Vietnam, a minor producer through most of the 1980s, more than quadrupled its coffee production over the past decade, from 92,000 tons in 1990 to 487,000 tons in 1999, surpassing Colombia last year as the world's second-largest coffee producer after Brazil. Over the same years, the average coffee price rose from under $1 a pound to more than $2 a pound at the end of the decade - before plunging below 60 cents now.
On Saturday, Vietnam officials said production there would be cut 20-30 percent to help reduce oversupplies and boost prices, according to state-controlled media in Hanoi.
While economists say coffee, like any other commodity, is simply subject to market swings that will be addressed by competition, development specialists, international rights activists, and environmentalists say measures are needed to help traditional coffee farmers.
For some, a return to an international accord that regulates price and production - something that existed until 1989 -- is the answer.

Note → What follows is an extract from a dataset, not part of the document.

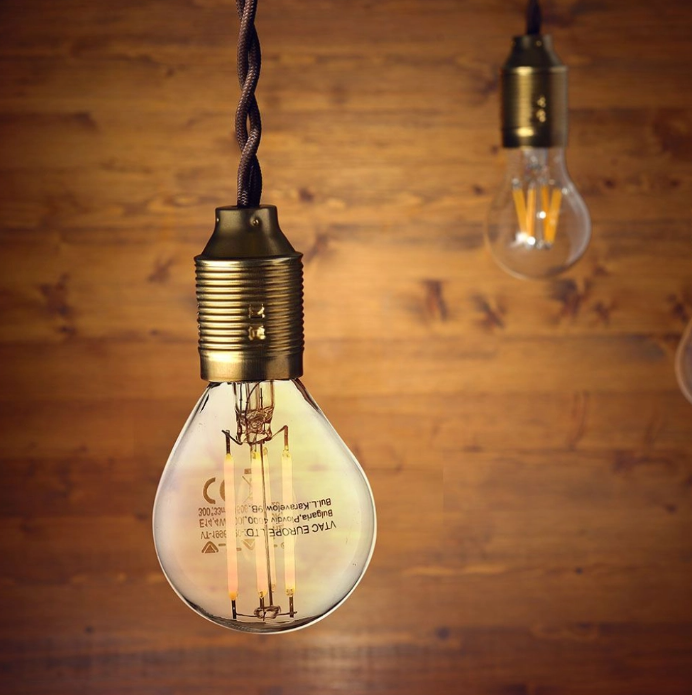 lampadina led sfera filamento vtac 4w e14 vista frontale dettagliata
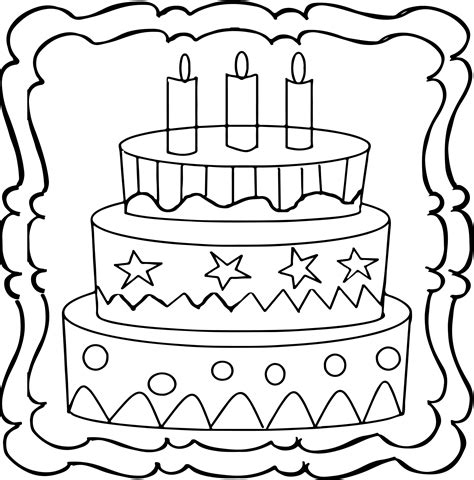 Birthday Cake 5 Coloring Pages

Other ideas include:
Getting multinational coffee marketers to share with farmers the windfall they've reaped from paying less for the beans, even as retail prices have remained steady.
Offering more funds to help small farmers improve quality and enter the more lucrative specialty-coffee niche.

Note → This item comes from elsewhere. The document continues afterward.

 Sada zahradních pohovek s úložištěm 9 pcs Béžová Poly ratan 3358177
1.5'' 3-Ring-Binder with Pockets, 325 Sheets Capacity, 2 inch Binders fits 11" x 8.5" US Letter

Starting "fair trade" campaigns that encourage consumers to buy coffee grown without exploiting workers or the environment. Such coffees bring growers higher profits.
To shore up the coffee trade, some market specialists are even calling for campaigns to boost coffee consumption, which has fallen despite all those fancy lattes out there.
"People pay a lot for an espresso with a lot of milk mixed in," says Matthew Quinlan, director of coffee programs for Conservation International (CI) in Washington. "But compare that to the guy who used to sit at the diner counter and drink cup after cup of coffee, and you get an idea of why consumption is down."
Some development specialists have accused the the World Bank of instigating Vietnam's rise in the coffee market.
But bank officials reject those accusations. After "extensive research into [our] projects, we've found the complaint by NGOs and others of widespread lending for coffee production is unfounded," says Bryan Lewin, a bank development economist.
The bank did assist a rural financing project spearheaded by other international lenders, including European countries, which offered about $17 million for maintenance of existing coffee plantations. But that money was disbursed beginning in 1998, and could not have played a role in Vietnam's production jump, according to the bank's Vietnam rural sector coordinator, Christopher Gibbs.
Even some experts who wouldn't normally defend the bank say that in an atmosphere marked by antiglobalization rallies from Seattle to Genoa, Italy - the World Bank is simply an easy target. "Bank bashing has become a recreational pastime, and it has provided some financial aid that can be linked to increased production," says CI's Mr. Quinlan. "But, basically, this is the story of export tropical products. In this case you can blame Vietnam, but the fact is, there's always someone to come along and produce for less."
Both the World Bank and environmental groups are working on diversification projects that would make farmers less dependent on a single crop.
In Mexico, coffee grower and executive president of the National Coffee Council, Roberto Giesemann, says producers should focus on improving quality and raising domestic consumption. "What we in Mexico and Latin America should do is focus on diversifying our production" with more emphasis on specialty coffees such as environmentally certified or shade-grown products, "so we can command a higher price."
"Vietnam decided to become a major coffee producer, and did its work very well," he says. "We can't blame them for that."
Catherine Elton in Guatemala and MIke Crawley in Kenya contributed to this report.